● Your objective
Output the line that contains "Влад Череватый, Соня" and every line after it to the end of the entries, with nothing added or left out.

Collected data
* * * *
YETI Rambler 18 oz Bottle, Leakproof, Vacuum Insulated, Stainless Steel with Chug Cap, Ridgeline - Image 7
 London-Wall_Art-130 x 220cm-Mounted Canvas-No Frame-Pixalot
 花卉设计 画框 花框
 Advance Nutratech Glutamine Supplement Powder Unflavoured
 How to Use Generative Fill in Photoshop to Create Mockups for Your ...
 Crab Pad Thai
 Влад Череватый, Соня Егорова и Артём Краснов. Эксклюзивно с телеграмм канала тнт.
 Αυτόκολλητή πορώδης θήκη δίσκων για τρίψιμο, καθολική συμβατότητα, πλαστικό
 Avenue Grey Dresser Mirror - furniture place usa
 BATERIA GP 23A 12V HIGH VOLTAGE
* * * *
● Completed task
 Влад Череватый, Соня Егорова и Артём Краснов. Эксклюзивно с телеграмм канала тнт.
 Αυτόκολλητή πορώδης θήκη δίσκων για τρίψιμο, καθολική συμβατότητα, πλαστικό
 Avenue Grey Dresser Mirror - furniture place usa
 BATERIA GP 23A 12V HIGH VOLTAGE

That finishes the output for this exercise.